● **TASK STATEMENT**
Output every entry verbatim.

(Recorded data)
[Start of Attachment]
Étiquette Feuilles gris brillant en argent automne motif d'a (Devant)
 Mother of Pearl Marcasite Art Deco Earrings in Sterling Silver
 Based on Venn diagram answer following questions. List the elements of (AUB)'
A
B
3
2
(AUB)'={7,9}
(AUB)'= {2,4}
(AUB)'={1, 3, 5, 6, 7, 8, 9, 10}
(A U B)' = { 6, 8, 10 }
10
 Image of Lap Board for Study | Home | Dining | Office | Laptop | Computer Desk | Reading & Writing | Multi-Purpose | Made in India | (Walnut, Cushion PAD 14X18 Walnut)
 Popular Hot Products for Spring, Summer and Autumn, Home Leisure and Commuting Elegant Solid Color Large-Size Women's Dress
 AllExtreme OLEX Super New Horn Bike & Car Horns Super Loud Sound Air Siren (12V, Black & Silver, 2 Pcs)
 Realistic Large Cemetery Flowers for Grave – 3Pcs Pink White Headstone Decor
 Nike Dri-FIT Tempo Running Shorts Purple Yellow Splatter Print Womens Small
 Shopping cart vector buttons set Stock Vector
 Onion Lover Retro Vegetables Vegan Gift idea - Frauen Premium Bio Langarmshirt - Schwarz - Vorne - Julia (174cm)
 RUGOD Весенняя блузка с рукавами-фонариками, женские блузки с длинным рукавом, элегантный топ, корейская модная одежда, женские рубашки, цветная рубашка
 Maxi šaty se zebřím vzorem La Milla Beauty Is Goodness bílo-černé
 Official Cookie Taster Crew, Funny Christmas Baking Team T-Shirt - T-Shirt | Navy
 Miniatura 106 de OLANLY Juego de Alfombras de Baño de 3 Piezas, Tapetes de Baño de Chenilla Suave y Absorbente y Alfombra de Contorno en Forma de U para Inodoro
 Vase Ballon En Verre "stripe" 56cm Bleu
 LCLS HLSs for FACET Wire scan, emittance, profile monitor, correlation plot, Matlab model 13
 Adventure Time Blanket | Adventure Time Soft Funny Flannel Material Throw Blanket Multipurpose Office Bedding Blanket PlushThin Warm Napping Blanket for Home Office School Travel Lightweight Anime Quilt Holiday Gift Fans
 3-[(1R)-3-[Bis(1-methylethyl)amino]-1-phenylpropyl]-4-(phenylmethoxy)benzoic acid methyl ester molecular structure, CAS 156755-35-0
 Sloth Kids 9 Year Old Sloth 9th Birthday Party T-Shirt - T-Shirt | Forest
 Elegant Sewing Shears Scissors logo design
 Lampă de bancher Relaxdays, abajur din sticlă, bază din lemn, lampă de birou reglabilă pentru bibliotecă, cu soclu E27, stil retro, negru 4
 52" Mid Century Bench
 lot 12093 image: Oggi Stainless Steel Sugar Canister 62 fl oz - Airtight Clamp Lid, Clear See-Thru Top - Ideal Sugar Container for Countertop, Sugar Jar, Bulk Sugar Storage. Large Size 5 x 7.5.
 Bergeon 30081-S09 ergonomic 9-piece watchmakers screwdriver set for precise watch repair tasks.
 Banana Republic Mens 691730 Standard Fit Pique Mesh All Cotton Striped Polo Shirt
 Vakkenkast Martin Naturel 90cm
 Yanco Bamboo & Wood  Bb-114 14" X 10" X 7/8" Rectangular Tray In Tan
[End of Attachment]
● **TASK RESPONSE**
Étiquette Feuilles gris brillant en argent automne motif d'a (Devant)
 Mother of Pearl Marcasite Art Deco Earrings in Sterling Silver
 Based on Venn diagram answer following questions. List the elements of (AUB)'
A
B
3
2
(AUB)'={7,9}
(AUB)'= {2,4}
(AUB)'={1, 3, 5, 6, 7, 8, 9, 10}
(A U B)' = { 6, 8, 10 }
10
 Image of Lap Board for Study | Home | Dining | Office | Laptop | Computer Desk | Reading & Writing | Multi-Purpose | Made in India | (Walnut, Cushion PAD 14X18 Walnut)
 Popular Hot Products for Spring, Summer and Autumn, Home Leisure and Commuting Elegant Solid Color Large-Size Women's Dress
 AllExtreme OLEX Super New Horn Bike & Car Horns Super Loud Sound Air Siren (12V, Black & Silver, 2 Pcs)
 Realistic Large Cemetery Flowers for Grave – 3Pcs Pink White Headstone Decor
 Nike Dri-FIT Tempo Running Shorts Purple Yellow Splatter Print Womens Small
 Shopping cart vector buttons set Stock Vector
 Onion Lover Retro Vegetables Vegan Gift idea - Frauen Premium Bio Langarmshirt - Schwarz - Vorne - Julia (174cm)
 RUGOD Весенняя блузка с рукавами-фонариками, женские блузки с длинным рукавом, элегантный топ, корейская модная одежда, женские рубашки, цветная рубашка
 Maxi šaty se zebřím vzorem La Milla Beauty Is Goodness bílo-černé
 Official Cookie Taster Crew, Funny Christmas Baking Team T-Shirt - T-Shirt | Navy
 Miniatura 106 de OLANLY Juego de Alfombras de Baño de 3 Piezas, Tapetes de Baño de Chenilla Suave y Absorbente y Alfombra de Contorno en Forma de U para Inodoro
 Vase Ballon En Verre "stripe" 56cm Bleu
 LCLS HLSs for FACET Wire scan, emittance, profile monitor, correlation plot, Matlab model 13
 Adventure Time Blanket | Adventure Time Soft Funny Flannel Material Throw Blanket Multipurpose Office Bedding Blanket PlushThin Warm Napping Blanket for Home Office School Travel Lightweight Anime Quilt Holiday Gift Fans
 3-[(1R)-3-[Bis(1-methylethyl)amino]-1-phenylpropyl]-4-(phenylmethoxy)benzoic acid methyl ester molecular structure, CAS 156755-35-0
 Sloth Kids 9 Year Old Sloth 9th Birthday Party T-Shirt - T-Shirt | Forest
 Elegant Sewing Shears Scissors logo design
 Lampă de bancher Relaxdays, abajur din sticlă, bază din lemn, lampă de birou reglabilă pentru bibliotecă, cu soclu E27, stil retro, negru 4
 52" Mid Century Bench
 lot 12093 image: Oggi Stainless Steel Sugar Canister 62 fl oz - Airtight Clamp Lid, Clear See-Thru Top - Ideal Sugar Container for Countertop, Sugar Jar, Bulk Sugar Storage. Large Size 5 x 7.5.
 Bergeon 30081-S09 ergonomic 9-piece watchmakers screwdriver set for precise watch repair tasks.
 Banana Republic Mens 691730 Standard Fit Pique Mesh All Cotton Striped Polo Shirt
 Vakkenkast Martin Naturel 90cm
 Yanco Bamboo & Wood  Bb-114 14" X 10" X 7/8" Rectangular Tray In Tan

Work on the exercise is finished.